J. loved to fly because it gave him respite from his high-pressure, high-stress
job as a high-tech CEO. He wanted me to fly with him because it was fun
and because I’d asked him to spend more time with me. When we lined up to
land, the lake from altitude looked like a teeming Petri dish—sailors,
jet-skiers, swimmers, and sunbathers swarming near the shore—but we
descended. Our time was up in the rented Cessna and I wanted to get home
to the kids. But then a white speedboat cut through the touchdown point.
J. shook his
head. I think he said “Shit.” He was forced to make snap
decision: to fly over the boat, set down closer in, and risk slamming
into the shore, or to pull up and go around. He yanked on the yoke.
The plane’s nose tilted up. But
we were flying through butter—too slow, too low. The plane headed
straight for the steep hillside by the lake.

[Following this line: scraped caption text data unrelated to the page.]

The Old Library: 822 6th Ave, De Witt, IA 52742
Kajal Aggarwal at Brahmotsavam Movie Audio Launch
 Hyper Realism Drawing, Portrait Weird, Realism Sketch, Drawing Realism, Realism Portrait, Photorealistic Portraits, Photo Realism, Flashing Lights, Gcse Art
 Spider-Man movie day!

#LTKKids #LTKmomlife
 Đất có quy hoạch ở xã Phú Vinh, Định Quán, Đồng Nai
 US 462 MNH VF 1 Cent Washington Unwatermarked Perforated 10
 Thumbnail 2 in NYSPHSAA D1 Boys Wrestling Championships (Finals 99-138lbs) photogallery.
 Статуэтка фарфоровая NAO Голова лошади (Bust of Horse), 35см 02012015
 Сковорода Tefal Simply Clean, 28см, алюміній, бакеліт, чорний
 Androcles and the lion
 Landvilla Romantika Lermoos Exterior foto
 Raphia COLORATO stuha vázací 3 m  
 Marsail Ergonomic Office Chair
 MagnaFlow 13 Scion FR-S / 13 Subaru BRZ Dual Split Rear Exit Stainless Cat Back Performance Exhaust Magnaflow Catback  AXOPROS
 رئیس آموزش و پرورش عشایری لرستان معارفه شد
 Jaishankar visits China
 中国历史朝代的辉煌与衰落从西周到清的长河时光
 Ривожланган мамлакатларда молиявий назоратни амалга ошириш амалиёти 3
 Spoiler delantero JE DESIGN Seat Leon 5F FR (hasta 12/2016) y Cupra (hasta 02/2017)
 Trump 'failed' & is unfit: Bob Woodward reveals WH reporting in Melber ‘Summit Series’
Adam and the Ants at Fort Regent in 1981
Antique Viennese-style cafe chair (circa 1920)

In 1994, J. was a brilliant,
self-possessed type in his late thirties, conventionally and boyishly handsome,
with a strong jaw and wary green eyes. He was full of suppressed
energy. When he laughed hard, he threw his head back and opened his mouth
wide. He knew the physics of flying like he knew the lingo of his trade—the
rules of lift and acceleration were as familiar to him as the algorithms and
syntax of software. Like others of his ilk—young high-tech lions—he was
intelligent, agile, skillful, and cunning but not fully empathic. He was
instinctive about power and authority. An older man who delivered a serious
slight elicited a languid retreat; a child who spilled milk at the dinner table
provoked a verbal swipe.
At the time of the crash, these qualities of
his had led him to success in two software startups. In the first company
he’d served as vice-president of Engineering. The stock from that venture
had netted several million dollars. After a year off, he decided to start
another company, and in 1994 we were well into the upward climb of that
company’s life cycle. Our million shares of stock had been valued at
first at a nickel a share. Now the stock was valued at several dollars a
share—on paper at least.
If you had looked up “successful young
American couple of the Nineties” in the dictionary, you would have found
us. We were happy. Work, marriage, children—all of it
exceeded our dreams.
The plane mushed toward a lakefront
restaurant. The engine screamed at maximum revs. A tall wall of
windows loomed larger and larger. J. heaved on the yoke.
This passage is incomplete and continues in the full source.